Bob then had about 45 minutes to prepare for his mixed-doubles final, partnering Venus Williams against Israel's Andy Ram and Russian Vera Zvonareva, leaving Mike alone on centre stage. He said: "When I meet people, they say, 'Have you won Wimbledon?' They don't say, 'Have you won the US Open?' I hate to say, 'Yeah, lost in the finals'. It's gonna be pretty sweet to say, 'We're Wimbledon champions'. We've been thinking about this career Slam since we won the US Open and the Australian back to back. This was the last one to get."
Bob was not so impressive in the mixed. He was the weakest link as last year's singles champion Williams went home a loser on finals day. The Israel-Russia alliance was very impressive and raced to a 6-3 6-2 victory. Bryan was then left with the tricky task of telling Venus he had decided to snub her in favour of Martina Navratilova's farewell at the US Open mixed next month. Telling her that brother Mike was willing to fill the void might have softened the blow. Although Mike missed out on a share of another £90,000, he still had every right to celebrate a good day's work.
There is big celebration planned in Denmark this week. Caroline Wozniacki will probably have a cracking 16th birthday party on Tuesday. She already has the perfect present to show off to her friends, the Wimbledon Girls' Singles Championship trophy.

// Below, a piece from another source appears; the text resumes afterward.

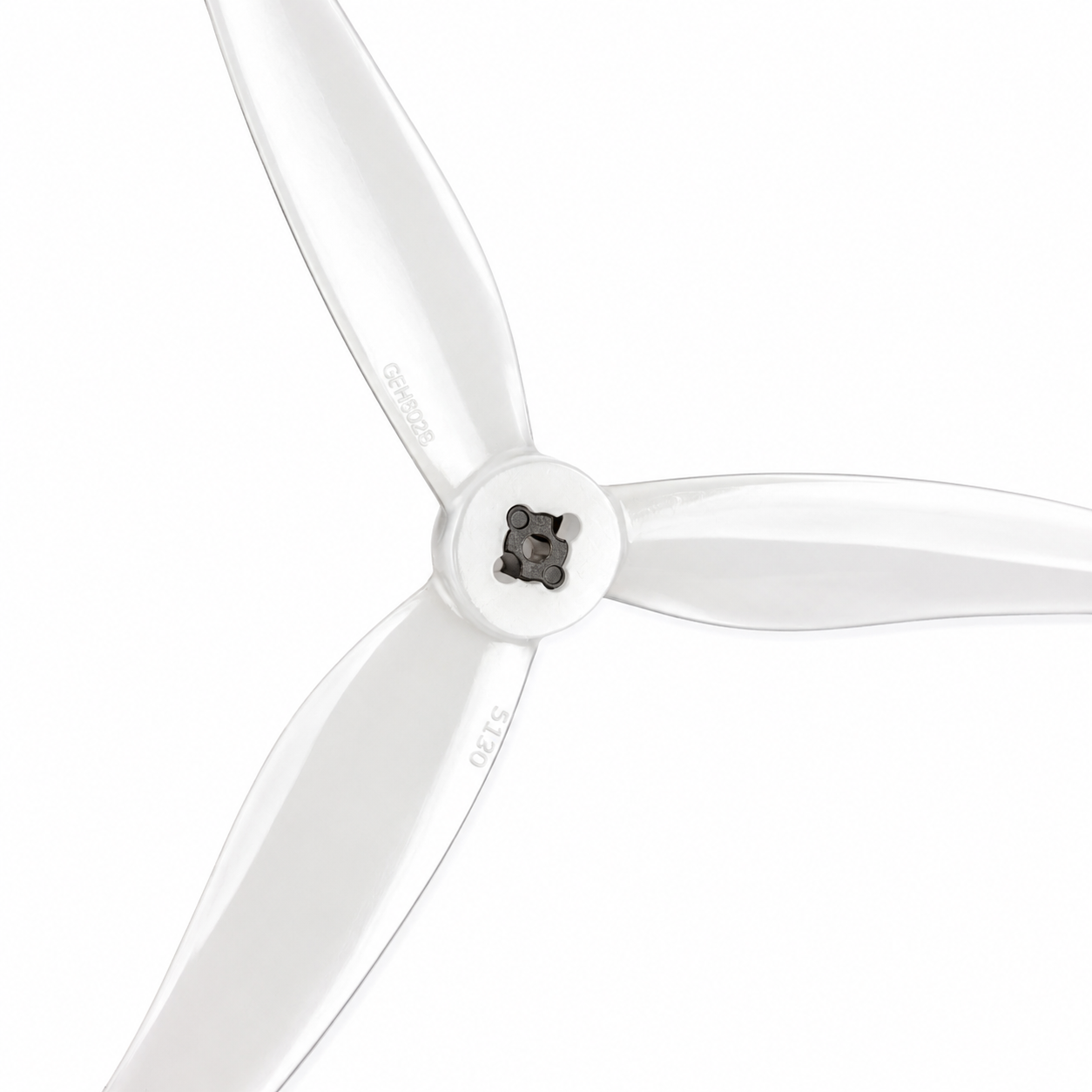 Gemfan Super Light 5130 PC 3 Blade 2mm & M5 Propellers Milk White - (2CW+2CCW)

The 15-year-old plans to graduate to the women's tour after playing the juniors at the US Open next month. She is a leggy blonde, who already stands nearly 6ft tall and boasts four main sponsors. But she has based her game on the touch and talent of her idol Martina Hingis rather than the big power-hitters of the modern game. And the No 4 seed displayed a full array of shots in a 3-6 6-1 6-3 win against gallant Slovakian Magdalena Rybarikova.